Addie is sitting back in her chair with her eyes closed, letting Billy work without worrying about how it'll come out.

“I can't pay you nothing,” I says.

“I'll give you a good tip,” Addie says smiling softly, “and I'll tell the ladies you're back.”

“I ain't rehired her,” I says.

“Don't look a gift horse in the mouth,” Addie tells me.

Billy don't say nothing. She just keeps working, her hands moving quickly over Addie's head, putting on just the right amount of relaxer, her eyes, glancing at the timer, making sure everything's going right.

“Thought you was gone to get married,” I says.

Billy don't take her eyes from her work. “I changed my mind,” she says.

Tilda comes back up front, nodding and smiling at Billy as she passes her. She picks up her cleaning where she left off.

“You got a real talent for hair,” Addie says to Billy. “You ought to go to beauty school.”

“I might do that,” Billy says.

Things between me and Billy was going good. Business was good too, until Miss Billy Beede thought she should be getting top dollar and maybe some day even have her name alongside of mines on my sign out front. She put her foot down and I tolt her to get stepping. And that was the end of that. But things used to be good. When she first came to work for me, after the first week, I went and bought a smock for her with my own money and I took the time myself to embroider her name on it like I got my name on mines. Swirl letters with gold thread.
“Billy.”
When she quit I ripped the stitching out. Now she's standing up in here working her hair magic just like she used to do. But on her smock, where her name used to be, all that's left there now is a swirl pattern of little holes.

BILLY BEEDE

He woulda done it for seventy-eight dollars. I coulda got a ride up there for free to save the bus fare. Dill coulda rode me or Laz even, in his nasty hearse, and I coulda got that doctor to do it for seventy-eight dollars. The five deposit and the ten from the earring plus the sixty-three back from the dress woulda made seventy-eight and I coulda begged him to do it for that much. Seventy-eight is on this side of a hundred, I woulda tolt him and he woulda done it and then I woulda been rid of goddamn Snipes and everything about him. And the next time Snipes come through here he would see me and my belly would be smooth without the baby and he would be like, where'd the baby go, and I would tell him and he would look sad and I would say, serves you right, you two-timing-married-already yellow-bitch's bastard, and you just put that in yr pipe and smoke it, you and yr fat red-drawers-wearing-bitch-wife both.

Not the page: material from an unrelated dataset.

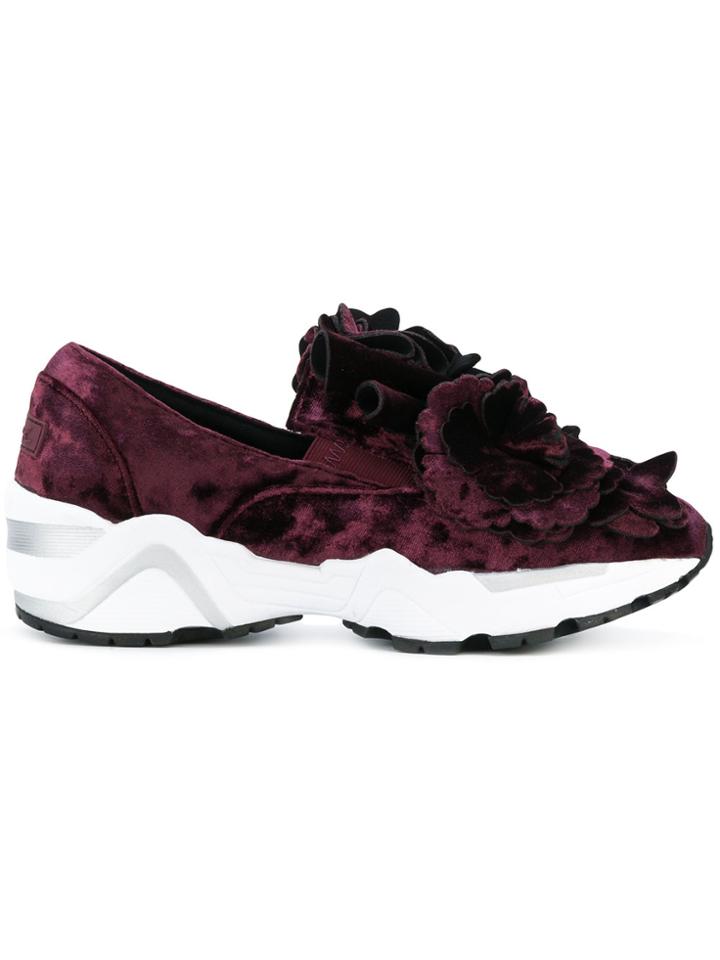 Suecomma Bonnie Floral Detail Slip-on Sneakers - Red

Seventy-eight dollars woulda done it but could Miz Jackson take her dress back? No. Hell, I wouldn't of took that dress back neither. I shoulda lit Snipes' house on fire instead of my dress. That woulda been smart.

“Whatchu thinking about, Billy?” Miz Addie asks me. She can see me in the mirror. I got my forehead frowned up.

“I'm thinking about beauty school,” I says.

“There are some fine schools in Dallas you could attend,” she says. “I could write you a recommendation.”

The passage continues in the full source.